There is a pause. Then, suddenly, Mom is a blur, and the kitchen door swings open, and I hear Mom sob, “Edeeen!” Grandma collapses into her chair. I look at Uncle Andrew but he’s still checking his watch so I mumble something about needing the bathroom and as I leave the room, I hear Uncle Andrew say to Grandma, “I should call to make sure Preston’s still on his way. I have a holiday surprise for him…”

I trip over the carpet on the stairs, but I don’t pay attention and the next thing I know, I am upstairs in my room at Grandma’s and I am screaming into a pillow, only I don’t know if the sound is real or not.

(Knife is real.)

(Knife is real?)

The doorbell rings. I hear Preston’s voice creeping into the townhouse. Grandma calls my name but I don’t answer so I just listen through the floor as Preston sits down and Uncle Andrew walks to get something from another room. The noise downstairs changes like a lava lamp, hot and dangerous and unpredictable. There is quiet, and then I hear Uncle Andrew say something that sounds to me like nonsense, but as soon as he’s said it, Preston yells, “What?!” and I hear Mom shriek and there’s a clattering of dishes and someone slams a door and Grandma is yelling and I will myself to melt into the floor, to disappear, and –

There is a knock on the door. Not my door. But the one across the hall. I peep my head out the door to see Preston Weiner’s honey blonde head saying, “Rory? Can I come in?” He pushes the door open without waiting for an answer.

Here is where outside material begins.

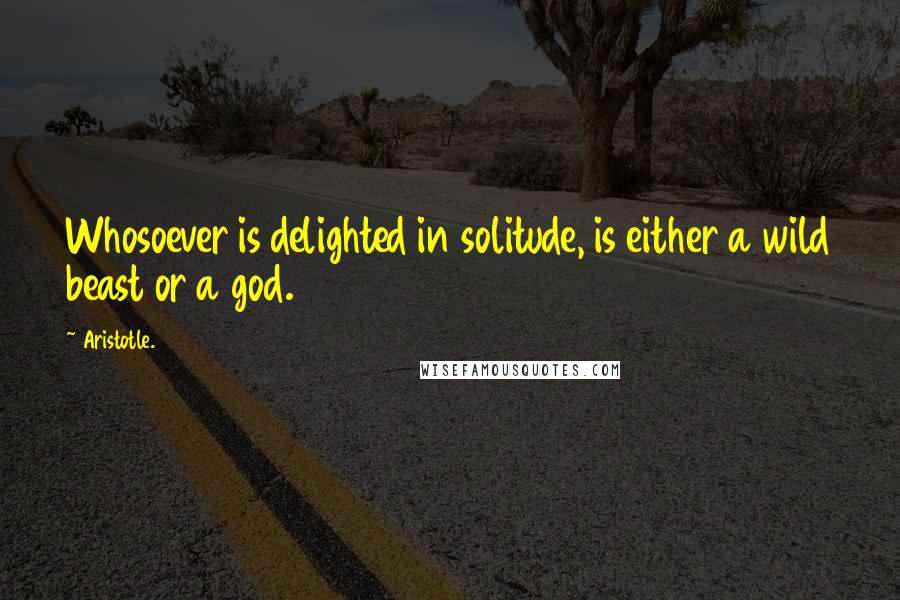 Aristotle. Quotes: Whosoever is delighted in solitude, is either a wild beast or a god.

I have never been in Livi D.’s room. Not because I didn’t want to look but because it never really occurred to me. But now I’m older than Mom was when Livi D. died. When Grandma ___ Livi D.

(You’d have to be livid to want to ___ someone.)

(Knife wants to ___ someone.)

I try to say hello, but nothing comes out and I’m too short to reach his shoulder, so I just tap Preston’s back (stab Preston’s back) and he jumps but then he smiles at me and neither of us says a word. Livi D.’s room is lavender and covered in old pictures and medals and certificates. Her bed has on it three letter-shaped pillows, one for Olivia and one for Charlotte and one for Daines. And above it, there is a framed copy of the funeral bill.

(Funeral. Death. Bad.)

(Knife.)

(Stop.)

“What did you say?” I rack my brain to remember if I said Knife out loud, but I can’t think so I just keep staring at Livi D.’s shrine.

“Rory,” Preston starts, looking deep into my eyes as if he could somehow read my mind through them. “Did you hear what happened downstairs?” (Fighting and screaming and hurting.) (Knife.) (Stop!) I shake my head. “Well, your Uncle Andrew found something out… Your mom’s a bit upset, and we weren’t sure how much you heard, so I thought I should come talk to you.” (He knows. He knows about Knife and that Knife wants to ___ him and – ) (I need him to know that I would never, ever, ever, ever – ) “Rory… I’m your dad.”

“No, you’re not,” I say immediately, almost surprising myself. My brain is spinning and Knife is dancing on my shoulders and as Preston sits down in Livi D.’s chair (don’t sit down in Livi D.’s chair) his knees start to bounce up-down-up-down-up-down and I feel like my world is bouncing up-down-up-down-up-down too. “My mom doesn’t know who my dad is. She wouldn’t lie to me. Not on our birthday.” (Was that mean? Am I mean? Only mean people give in to Knife.) “Sorry.”

Preston is unfazed. “See, Rory – ” my eyes dart as fast as Knife flying around Preston’s head – “Your mom, she didn’t lie… She doesn’t remember that we – that I’m your dad.”

“Then how did you remember?” I ask. (Does Mom want to ___ Preston?)

(Does Mom see Knife too?)

(STOP!)

“I… that’s not important,” Preston replies, shaking his head. “Your Uncle Andrew, when you visited – he noticed we looked a little similar, so he took the spoons we ate ice cream with and – well – I’m your dad.” He laughs a little and puts his head in his hands. “I can understand why Hannah wants to kill him.”

(___ him?)

I turn around and Preston is gone and I am alone in Livi D.’s room.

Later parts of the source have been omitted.